We were looking more towards its ‘lifestyle’ aspect in the urban traffic conditions and had the ‘pleasure’ of reliving the good old days of manual ‘crawling’ along some heavy traffic areas, like Cheras for instance, at peak hours. Thankfully, the clutch was not heavy although there was one gear too many in the six-speed transmission.

We had to familiarise ourselves with such manual characteristics as its springloaded return to the third-fourth plane when you go to neutral and having to push the shift either left or right for the respective gears. Even so, we slotted the shift into the wrong gear a few times initially, leading to the engine sputtering trying to muster enough torque to proceed. The engine died on us once as we were trying to get moving in third gear. Thankfully, we could start the engine quickly and proceed after a momentary stalling.

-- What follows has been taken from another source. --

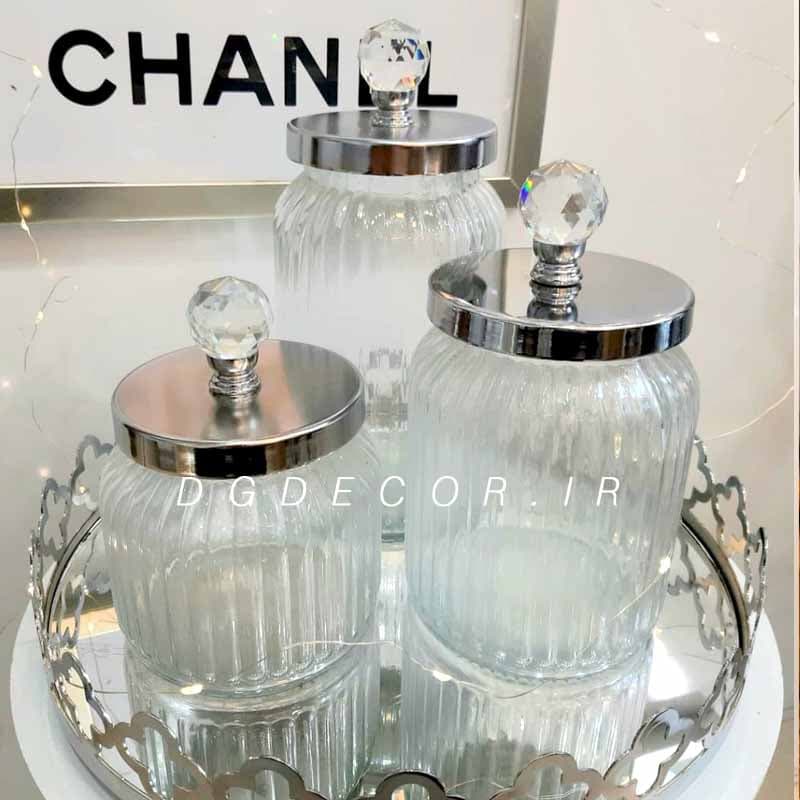 بانکه شیشه ای درب کریستال متوسط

Once we got back to speed, we could enjoy the positive engagements of the efficient manual transmission and the average travel between the gears. On the go, a green light shows up on the tachometer to the left of the instrument binnacle that prompts you to upshift. It is probably to guide the driver to the best engine speed for good fuel economy.

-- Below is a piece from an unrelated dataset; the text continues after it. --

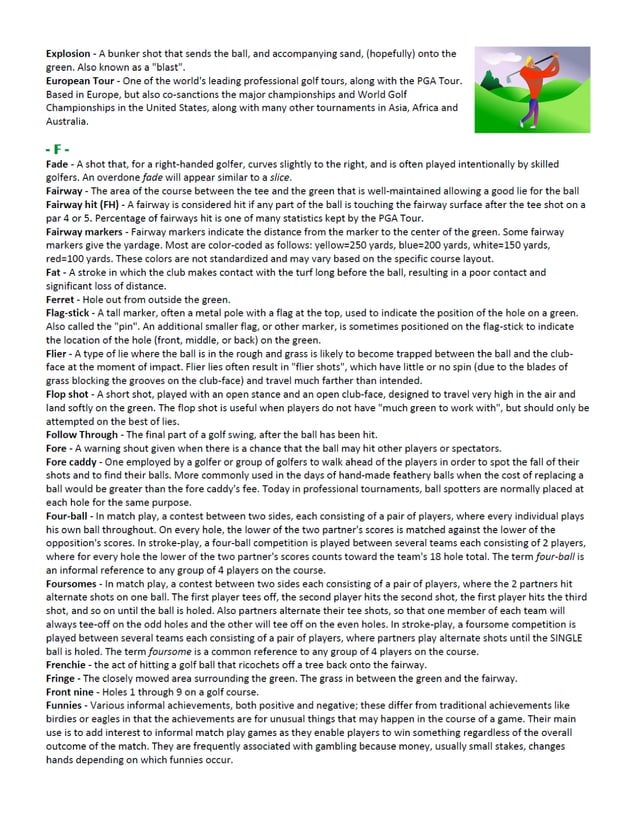 Fahad Al Rajaan - Golf Terminology | PDF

The 2.2-litre common-rail turbodiesel engine was not the SkyActiv unit that we had expected. Its similarity to the unit in the Ranger showed up again in the similar output of 110kW (150bhp) at 3700rpm and 375Nm from 1500 to 2500rpm. Though there is a lot of torque peaking from 1500rpm, it didn’t mean we could hold second gear and try to get a move on by slipping the clutch and easing a bit more on the accelerator pedal after paying toll with the card. We were more comfortable selecting first and picking up the pace strongly from there. That meant we had to upshift five times quite quickly before cruising at 110km/h (when the engine turned real lazy at about 2100rpm).

When you have to move a vehicle that weighs just above two tonnes, you just need all the muscle that is available to get moving. We could feel its weight when moseying in urban traffic (something that we hadn’t notice before in other pick-ups with automatic transmissions) but we like the sudden burst of power, which was typically a turbocharged scenario, when we had the opportunity to open up.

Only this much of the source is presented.